A car's tires thu-thunk
over the rubbery black trip wire at the oil change, 
triggering a fat bell, 
and a group of girls in silver leotards are reflected 
like spatters of sap in its windows--
--From "Strawberries," a poem by Gabrielle Bates, The New Yorker (June 4 & 11, 2018), p. 57.

In California, my mom worked an entry-level job at what now might be called a Silicon Valley tech business.  It made audiocassettes.  My dad made peanut-butter-and-jelly sandwiches and popcorn.  He picked me up from preschool, strapping me into the yellow child seat mounted at the back of his bike.    
--From "What Is Possible," a short piece on parenting by Mohsin Hamid, The New Yorker (June 4 & 11, 2018), p. 71.

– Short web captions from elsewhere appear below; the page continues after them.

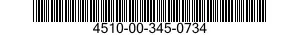 4510-00-345-0734  4510003450734 003450734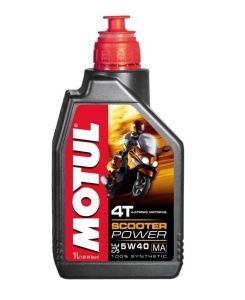Ulei MOTUL SCOOTER POWER 5W40 1L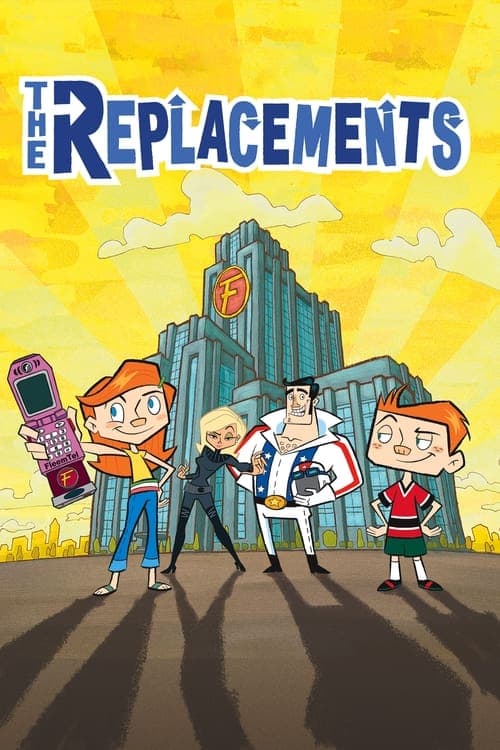 The Replacements Season 2 poster
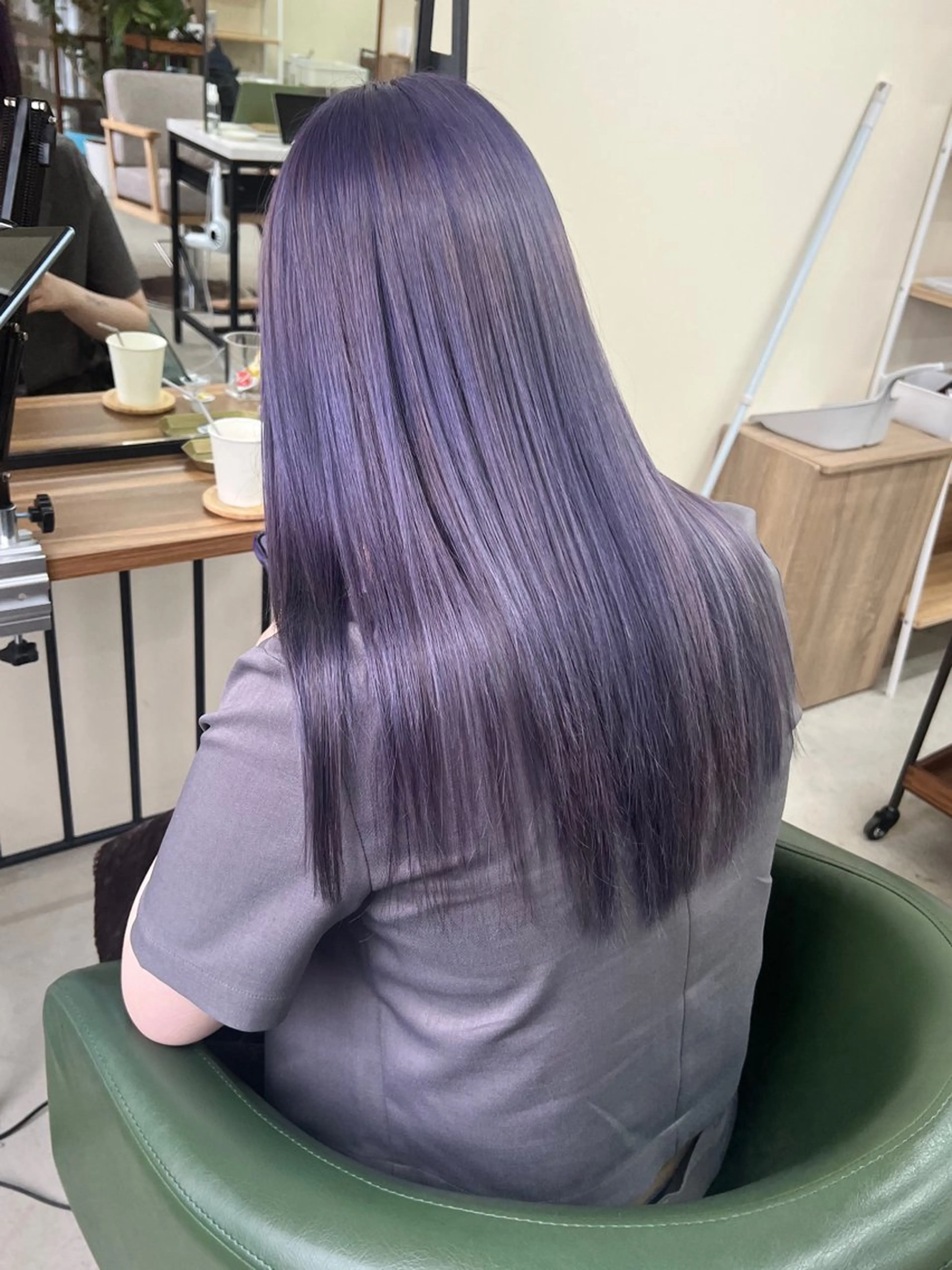 ロング waku 豊橋藤沢店のヘアスタイル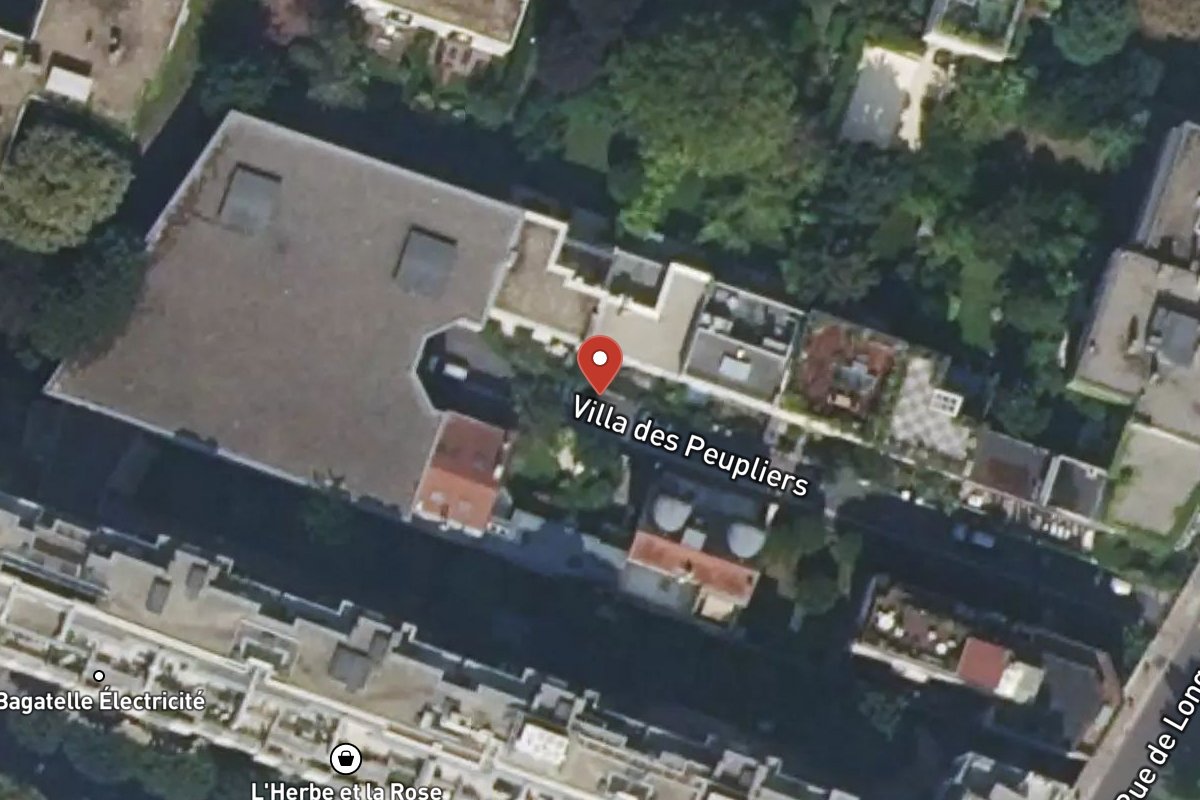 Vue satellite — 8 Villa des Peupliers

In the park he was the only salaryman.  In the park I was the only hikikomori. Something was not quite right with us.  He should really be in his office, in one of the high-rises, I should stick to my room, within four walls.  We should not be here, or at least not pretend we belong here.  
--From I Called Him Necktie, a novel by Milena Michiko Flašar, translated from the German by Sheila Dickie (New Vessel Press, 2014).  Originally published in German as Ich nannte ihn Krawatte (Verlag Klaus Wagenbach: Berlin, Germany, 2012).

Dad had a face that Arvid loved to watch, and at the same time made him nervous as it wasn't just a face but also a rock in the forest with its furrows and hollows, at least if he squinted when he looked.  
--From Ashes in My Mouth, Sand in My Shoes, stories by Per Petterson, translated from the Norwegian by Don Bartlett (Graywolf Press, 2015).  First published in Norwegian as Aske i munnen, sand i skoa (Forlaget Oktober: Oslo, Norway, 1987).  First published in English by Harvill Secker, Random House (London, 2013).  

The white houses sank and withdrew into the countryside and slowly the fjord grew wider.  The Vistula passed Drøbak and sailed on through the sound where the wreck of the battleship Blücher lay on the seabed by Oscarsborg fortress.  They had sailed over it and perhaps the dead bodies were still there.  The skies turned dark, but not by much, for it was Midsummer Night, and then it happened, what he was waiting for.  The little boat from the town of Horten appeared from behind an island and chugged across the fjord in a wide arc.  The noise from the Vistula's engine went quiet until he could barely hear its thrumming, and the spray from the bows ceased.  The Vistula glided through the water, waiting, and Arvid waited too.  The little boat approached and turned until it was in line with the ship.  Arvid could see the skipper at the helm and his white cap, and a couple were standing on the deck with a suitcase between them.  The man was holding his hat and the woman was looking straight down.   
--From Echoland, Per Petterson's debut novel, translated from the Norwegian by Don Bartlett (Vintage/Penguin Random House UK, London, 2017).  First published in Norwegian as Ekkoland (Forlaget Oktober: Oslo, Norway, 1989).  First published in English by Harvill Secker (2016).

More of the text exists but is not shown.